In the report, Mr Bradley said the UN had “ramped up” the percentage of CO2 emitted by agriculture as a means of scaring politicians and paving the way for more Non Government Organisation (NGO) intervention throughout the world.
He said the previous estimate of world-wide, man-made CO2 emissions from agriculture was 20 percent but the UN was now claiming agriculture to be responsible for 40 to 50 percent.
But he said the UN’s calculations included food transportation and processing in its inflated figure.
“They want us to go back to back yard farming and use cow manure for fertiliser and chooks to kill the insects,” he said.
Mr Bradley said the Australian Federal government’s proposed carbon tax was an ideal example of irrational policy based on flawed logic, flowing from through from UN recommendations.
He said farmers and consumers could be “blown away” by the government if the decision making process was allowed to go unchecked and the UN’s flawed strategy implemented.

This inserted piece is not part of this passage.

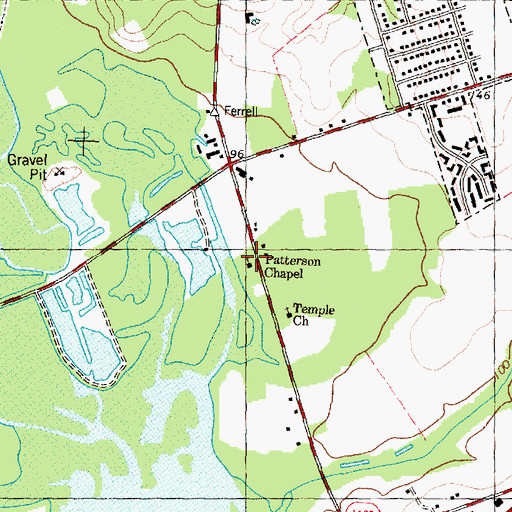 Topographic Map of Patterson Chapel, NC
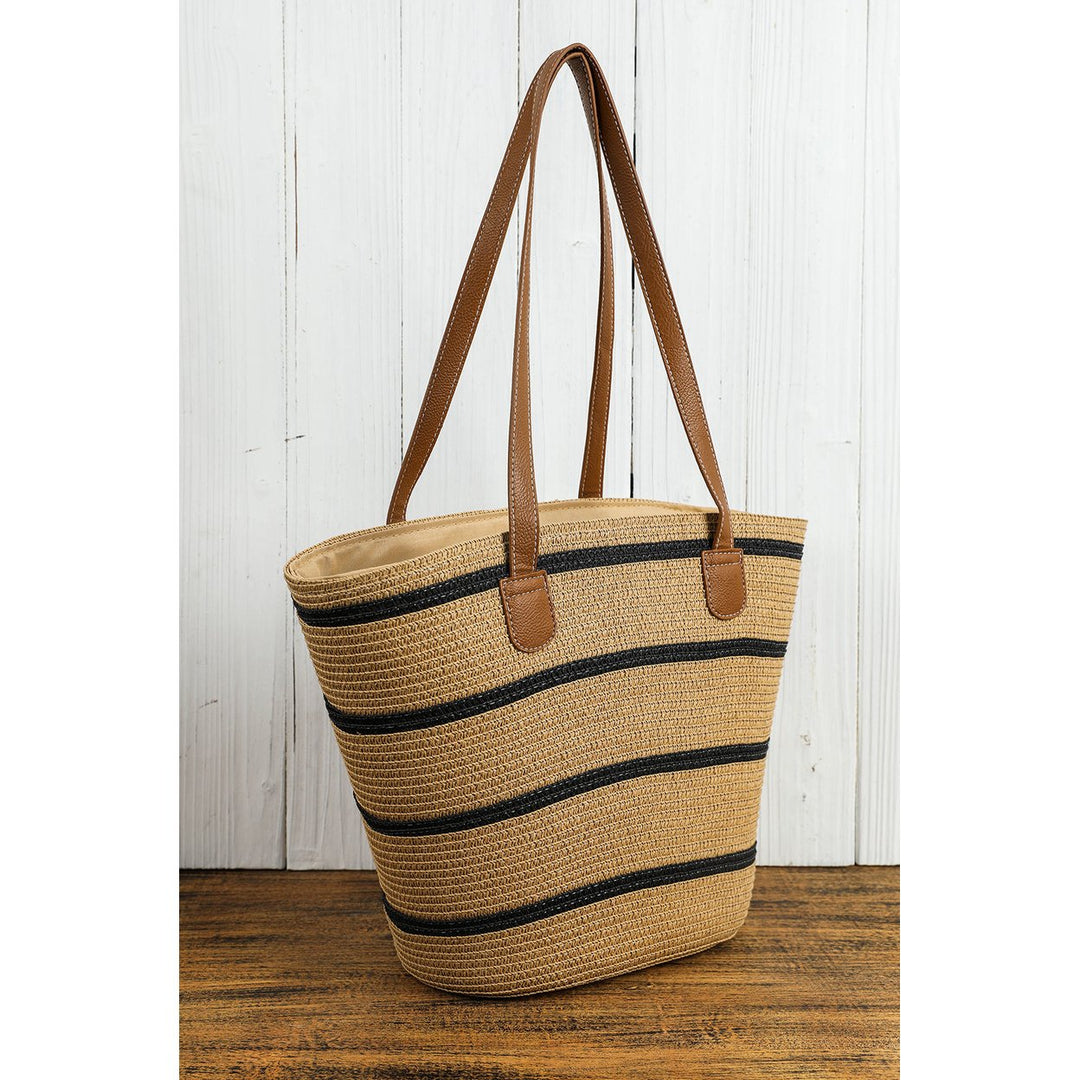 Aya Woven Striped Tote Bag Image 2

Mr Bradley said the UN would enlist the support of NGO’s, to operate as foot soldiers for its latest campaign to bring down modern farming and reduce food productivity.
He warned that NGO’s like Greenpeace would insert themselves in the government’s regulatory processes and bypass democratic citizens’ processes, to carry out the strategy.
“If anyone took any notice of this it would be a substantial threat,” he said.
“NGO’s like Greenpeace are very effective at driving up costs and inhibiting the world’s ability to produce an abundance of food at a lower cost.”
In commenting on the release of his report, Mr De Schutter said agroecological projects had shown an average crop yield increase of 80 percent in 57 developing countries, with an average increase of 116pc for all African projects.
He said recent projects conducted in 20 African countries demonstrated a doubling of crop yields over a period of 3-10 years.
“Conventional farming relies on expensive inputs, fuels climate change and is not resilient to climatic shocks, De Schutter said.
“It simply is not the best choice anymore today.
“A large segment of the scientific community now acknowledges the positive impacts of agroecology on food production, poverty alleviation and climate change mitigation and this is what is needed in a world of limited resources.
“Malawi, a country that launched a massive chemical fertilizer subsidy program a few years ago, is now implementing agroecology, benefiting more than 1.3 million of the poorest people, with maize yields increasing from 1 ton/ha to 2-3 tons/ha.”
The report also says projects in Indonesia, Vietnam and Bangladesh recorded up to 92pc reduction in insecticide use for rice, leading to important savings for poor farmers.
Mr De Schutter said the farming approach was also gaining ground in developed countries such as the US, Germany or France.
However, he said despite its impressive potential in realising the right to food for all, agroecology was still insufficiently backed by ambitious public policies and consequently “hardly goes beyond the experimental stage”.
The PGA said if agroecology was producing better results than conventional agriculture, public policies would not be necessary to promote its uptake.
Mr De Schutter said hunger and climate change would not be solved with industrial farming on large plantations.
He said the solution lies in supporting small-scale farmers’ knowledge and experimentation and in raising incomes of smallholders so as to contribute to rural development.
“If key stakeholders support the measures identified in the report, we can see a doubling of food production within five to 10 years in some regions where the hungry live,” he said.
“Whether or not we will succeed this transition will depend on our ability to learn faster from recent innovations.
“We need to go fast if we want to avoid repeated food and climate disasters in the 21st century.”